Überlieferung/Literatur

Ann. Altah. 1062 (SS rer. Germ. [1891] 59), sowie bereits im Anschluß an den irrtümlich zu 1060 gebrachten Bericht über die Papsterhebung des Cadalus von Parma (ebd. 56); Lampert 1062 (SS rer. Germ. [1894] 79); V. Heinrici IV. c. 2 (SS rer. Germ. [1899] 13 f.). Die Bestechlichkeit des Hofes bezeugt auch Amatus, Hist. Norm. IV, 28 (Fonti 76, 203).

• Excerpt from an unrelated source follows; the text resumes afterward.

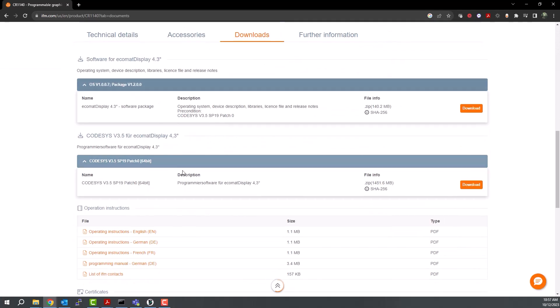The latest packages are always displayed here. You can see this item which has the CODESYS package. It will tell you which version you need to use with it, and there will be some other notes within this file. Go ahead and download this zip file.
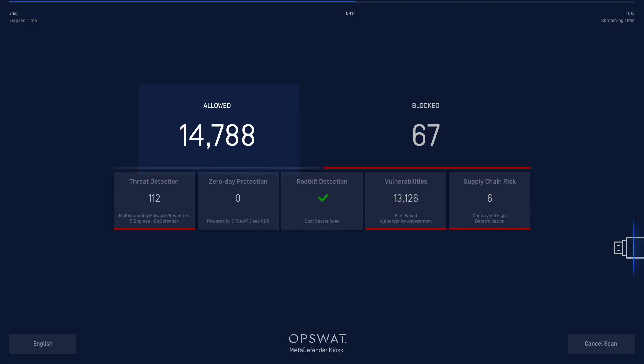The Allowed box is letting you know how many files have been validated as safe by the multi-scan engines. Blocked, of course, is indicating those files that have been flagged as suspect. Suspect can mean that malware has been found or that the file has been blocked for other reasons.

Kritik am weiblichen Regiment auch bei Bonizo, Ad amic. VI (Ldl 1, 593 u. 595 f.); Sigeb. Gembl. 1062 (SS 6, 360). Bereits anläßlich des Regierungsantritts Heinrichs IV. Adam. Brem. III, 34 (SS rer. Germ. [1917] 176).

Kommentar

Als weitere Ursache des allgemeinen Unmuts erwähnt der Altaicher Annalist (SS rer. Germ. [1891] 59) das Versagen der Regentin in der Erziehung des jungen Königs (nec regem quisquam quod bonum iustumque esset, edocebat), vgl. auch Cod. Lauresh. c. 123c (Glöckner 391): dolens (sc. Anno Coloniensis archiep.) a matre materno quidem affectu, sed non regaliter enutriri. Vgl. R. Ahlfeld, Erziehung der sächsischen und salischen Herrscher (Diss. masch. Greifswald 1949) 126 f.; sowie Reg. (n. 255). – Zu Adams kritischen Äußerungen, welche vor dem Hintergrund der zwischen Erzbischof Adalbert von Bremen und dem sächsischen Herzogshaus bestehenden Spannungen (vgl. Reg. (n. 170)) betrachtet werden müssen, vgl. Meyer von Knonau, Jbb. 1, 648; sowie die Bemerkungen zu Reg. (n. 170). – Am dominierenden Einfluß Bischof Heinrichs von Augsburg hatte bereits Berthold 1058 (SS 5, 270; 13, 731) Anstoß genommen. Die sich hieran anknüpfenden Gerüchte und Verdächtigungen sittlicher Art greift Lampert auf. – Zu der von Lampert nachdrücklich betonten fürstlichen Teilhabe an der Herrschaft vgl. Struve, Hess. Jb. f. LG 20 (1970) 46 f. – Die gegen die Herrschaft einer Frau gerichteten Bedenken dürften von den streng kirchlich gesinnten Kreisen Italiens ihren Ausgang genommen haben. Mit deutlichem Bezug auf die Regierungsmaßnahmen der Kaiserin Agnes verurteilte Kardinal Humbert, Adv. sim. III, 12 (Ldl 1, 212) – obgleich er es vermied, diese namentlich zu erwähnen – die von Frauen des Laienstandes vorgenommenen Verfügungen in kirchlichen Angelegenheiten, insbesondere die Verleihung von Bistümern und Abteien durch Ring und Stab als perversissima abusio. Vgl. Meyer von Knonau, Jbb. 1, 114 f. sowie Exkurs I, 649; Bulst-Thiele, Kaiserin Agnes 69. – Während die Schwächen der Regierung der Kaiserin Agnes vom Altaicher Annalisten mit dem kritischen Blick des Zeitgenossen offengelegt wurden, neigten spätere Betrachter unter dem Eindruck des Investiturstreites dazu, deren Wirken zu glorifizieren: Benzo, Ad Heinr. II, 15 (SS 11, 618 f.); Lib. de unit. eccl. II. 33 (Ldl 2, 258); Frutolf l056 = Otto Frising., Chron. VI, 34 (SS rer. Germ. [1912] 302); V. Heinrici IV. c. 2 (SS rer. Germ. [1899] 13 f.). Doch rühmte bereits Lampert, Inst. Herveld. eccl. II (SS rer. Germ. [1894] 353) die Umsicht der Kaiserin. Vgl. Bulst-Thiele, Kaiserin Agnes 82 f. – Vgl. Meyer von Knonau, Jbb. 1, 267 ff. sowie Exkurs I, 647 ff.; Giesebrecht 5 3, 79; Bulst-Thiele. Kaiserin Agnes 79 f.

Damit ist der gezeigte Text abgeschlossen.